September 11, 2012 by Reader's Connection
I love Milo Brewer, in part because he’s the opposite of me. I tend to skate along on the surface of things, whereas Milo goes deep. Early in Olen Steinhauer’s novel The Tourist, Milo is standing on a dock in Slovenia, thinking about the case he’s working. He decides to jump into the water, while a fellow agent looks on in disbelief (“You’re not.”), and down in the dirty water he finds a corpse. Would I have jumped in?
I also like the fact that the reader is always finding stuff out about Milo and his past, just as Milo is figuring out how to survive in the world of espionage.
It’s a wonderful spy story. Milo used to be a Tourist–a kind of CIA agent who has no home base, who wanders the globe as needed, often doing dirty work. After some unpleasantness in Venice, he was pulled from “the Department of Tourism” and given a sort of home. Around that same time, he acquired a wife and daughter, who mean the world to him.
Sad to tell (but luckily for the reader), Milo is yanked back into the world of Tourists. The reasons for this are complex, but the story moves like an express train, and it’s loaded with the kind of paranoia that you can’t call paranoia because the enemies are everywhere.

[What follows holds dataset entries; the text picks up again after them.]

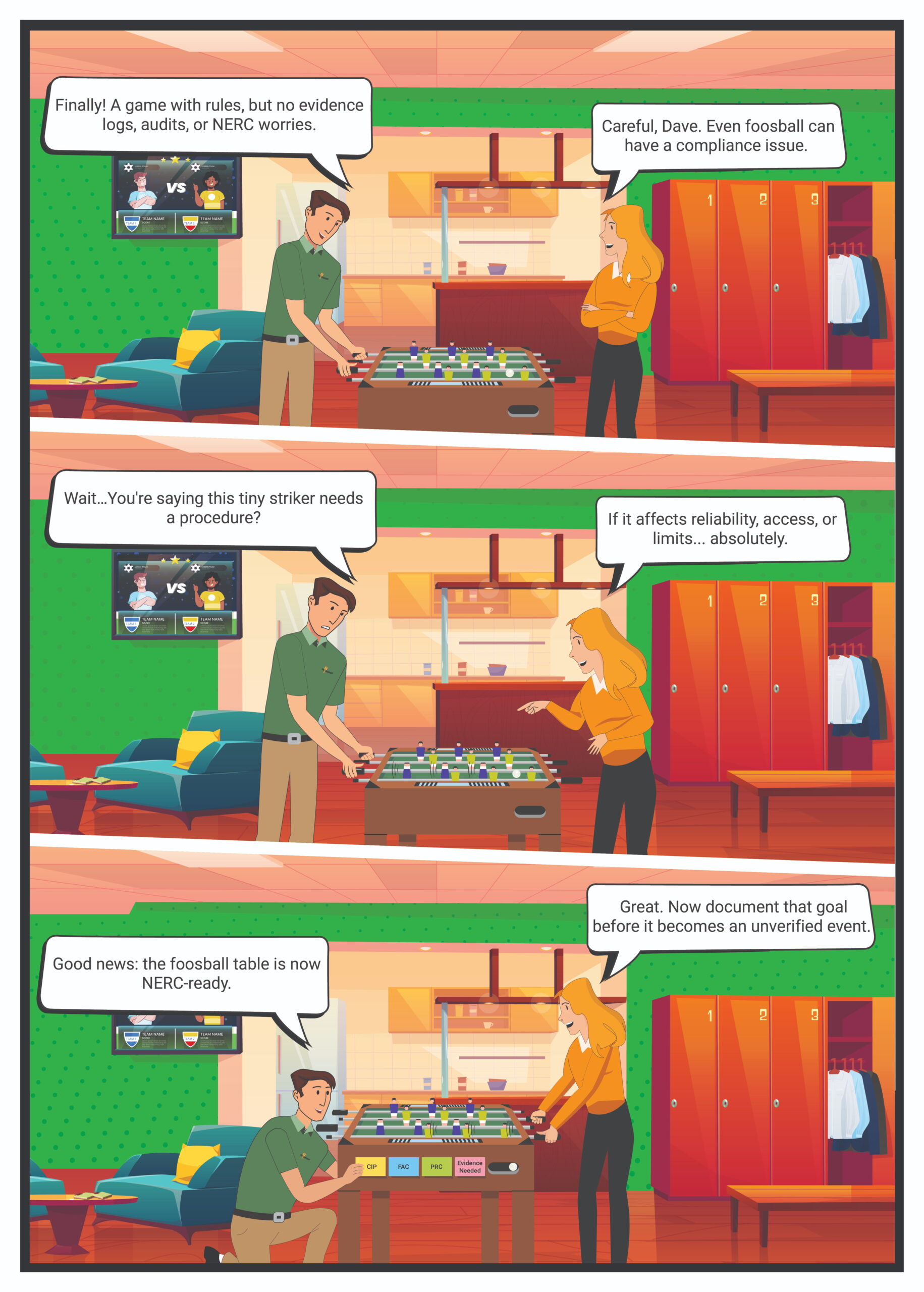 Comic panel of two people foosballing in a sunny break room with green walls; speech bubbles discuss rules, compliance, and NERC readiness, highlighting safety and procedures.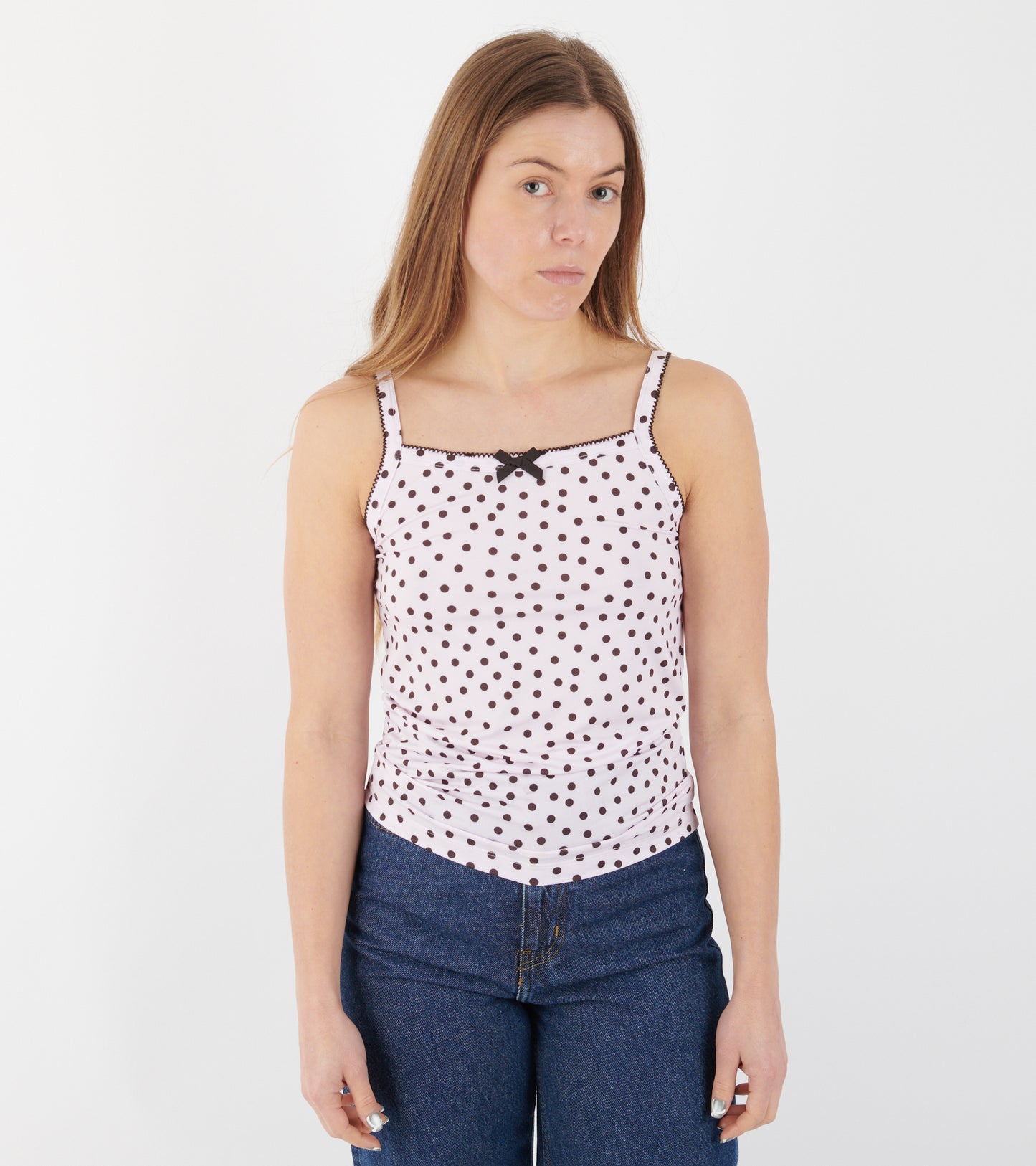 Jersey Tank Top Pink Dots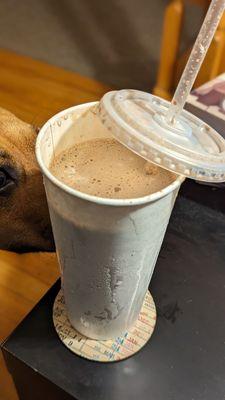 Chocolate malted milkshake (less a few sips) faces canine interest...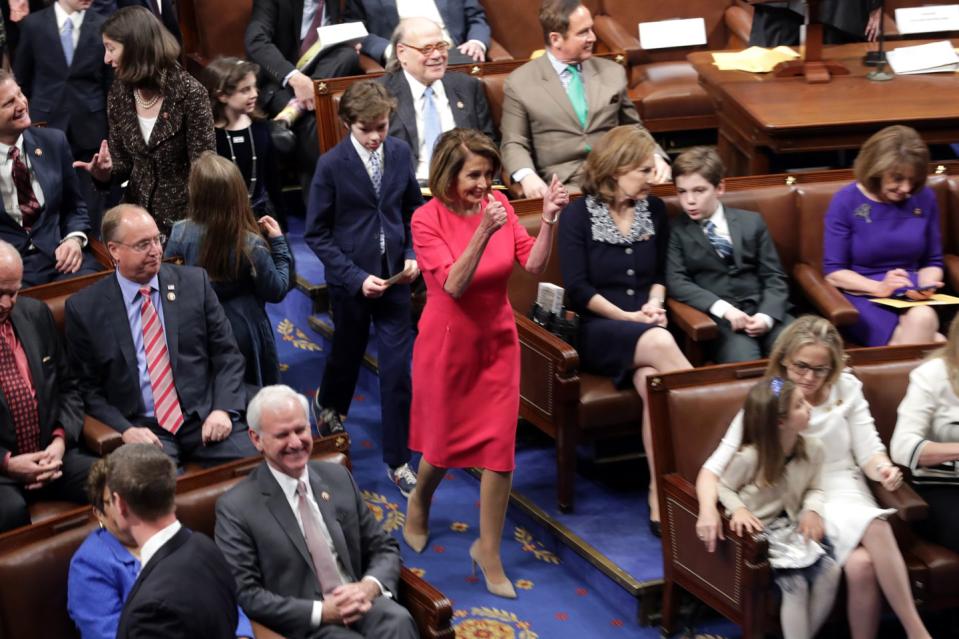 <p>House Speaker Nancy Pelosi enters the chamber. Pelosi is the only woman to ever become speaker of the House.</p>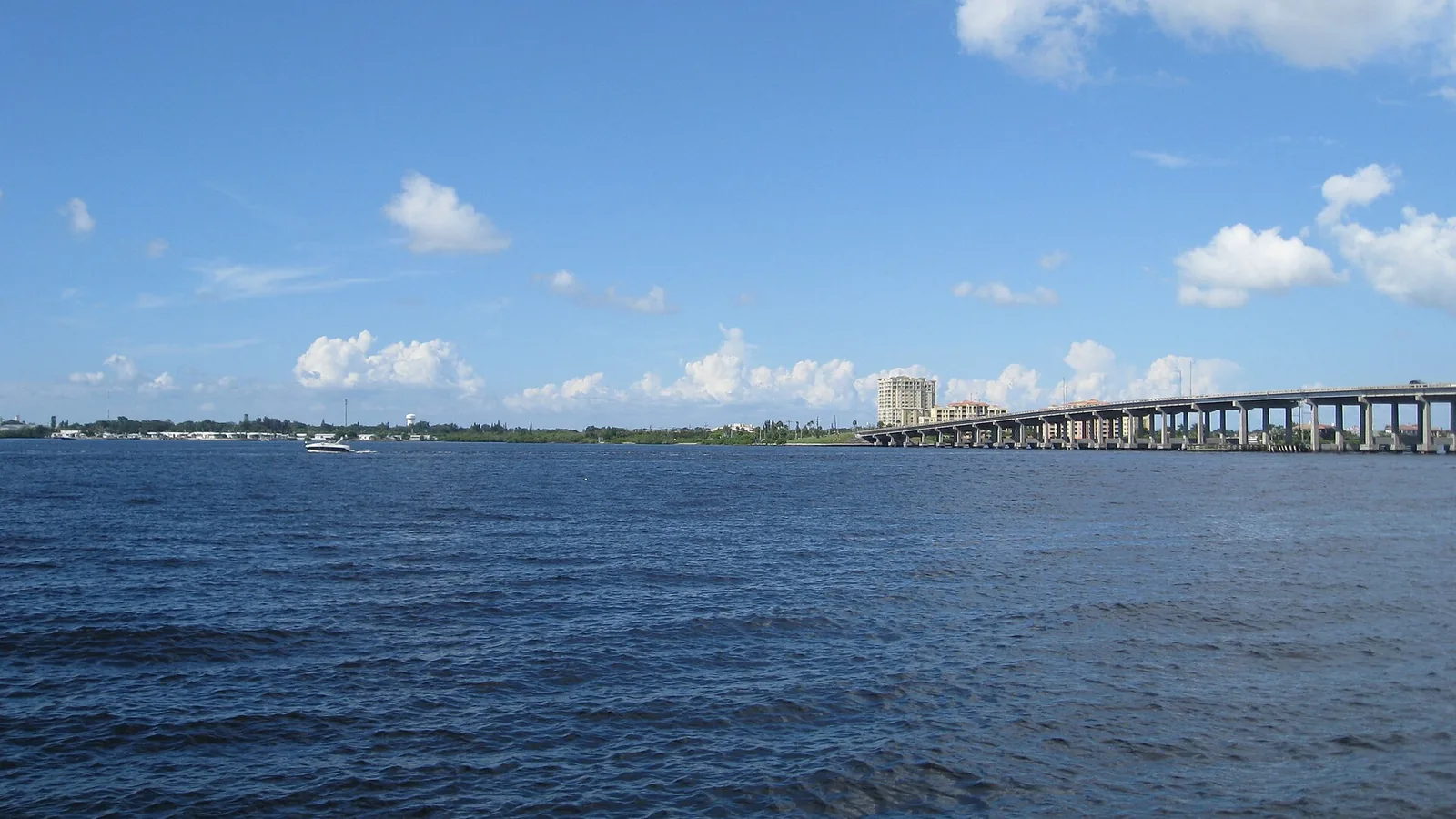 The Manatee River and the DeSoto Bridge from the Bradenton Riverwalk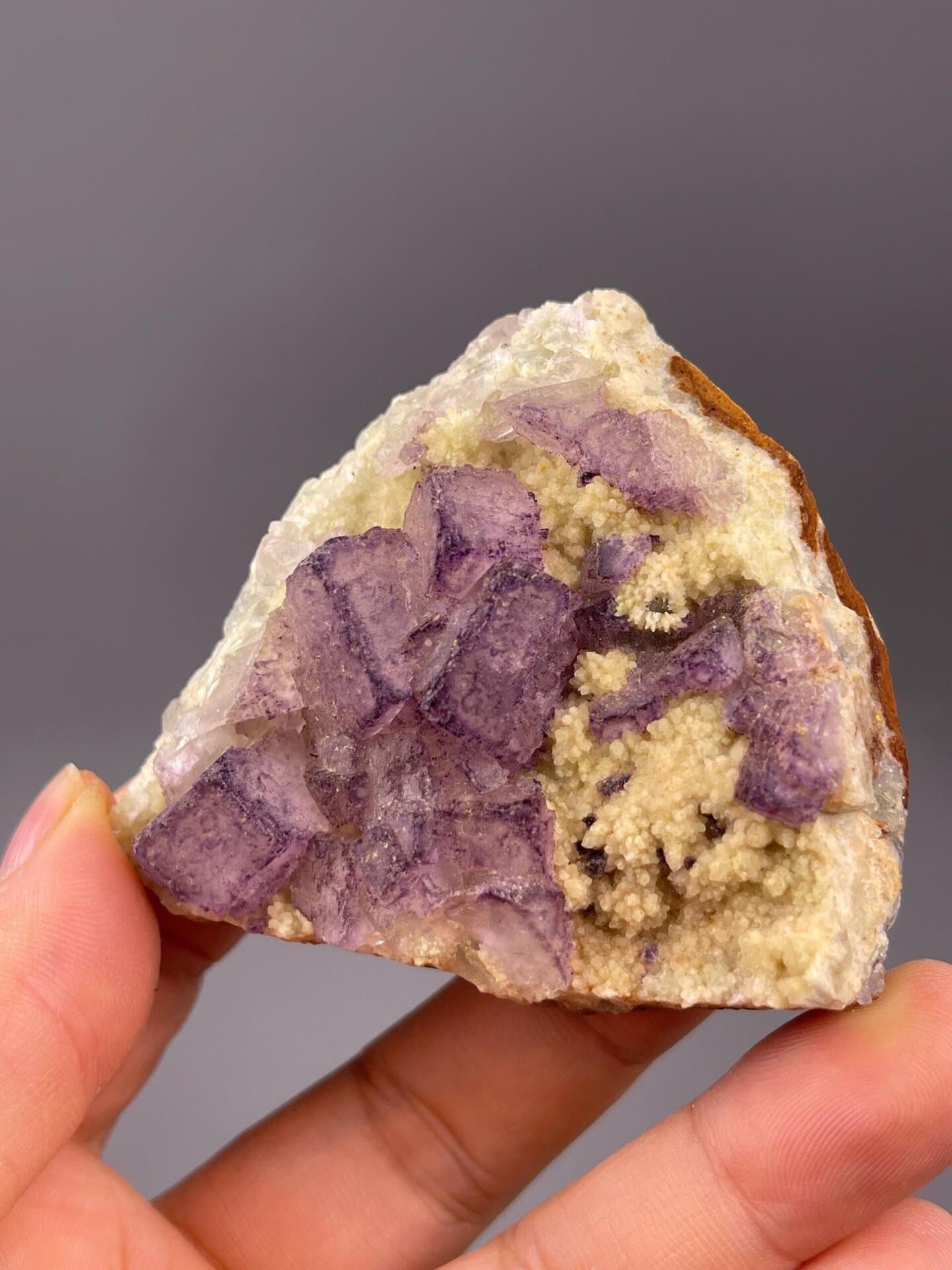 Purple cubic fluorite top-down overhead view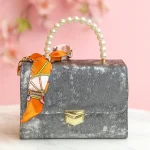 Luxury Pearl Handle Handbag for Women – Silver Metallic Party Purse with Scarf Accent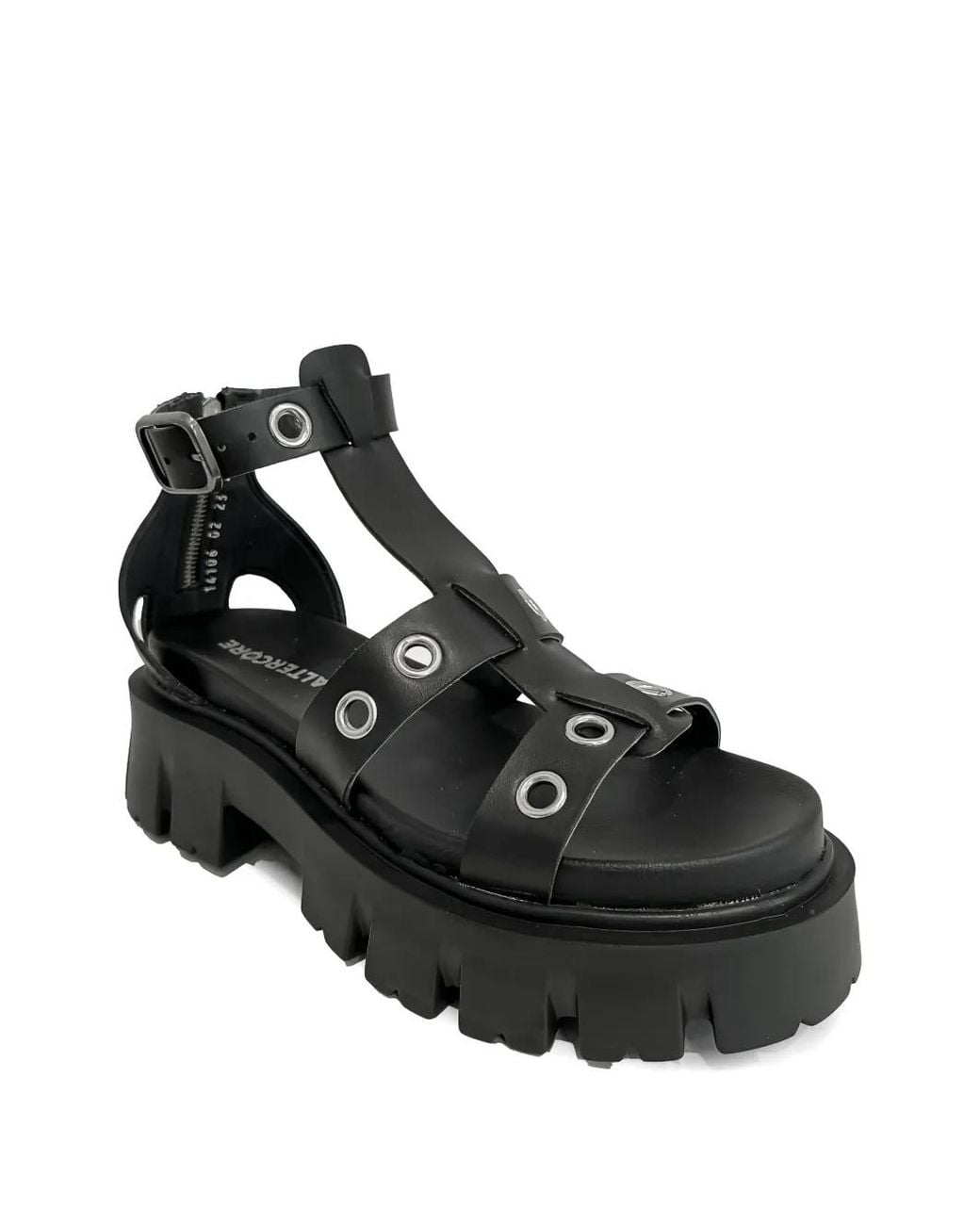 Altercore Black Eyelet-Embellished Platform Sandals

All Tourists know the importance of awareness. When you enter a room or a park, you chart the escapes immediately. You take in the potential weapons around you–a chair, ballpoint pen, letter opener, or even the loose, low-hanging branch on the tree behind Milo’s bench. At the same time, you consider the faces. Are they aware of you? Or are they feigning a forced ignorance that is the hallmark of other Tourists? Because Tourists are seldom proactive; the best ones bring you to them.
There’s some debate on the Web as to whether there will ever be a movie version of The Tourist, with George Clooney as Milo.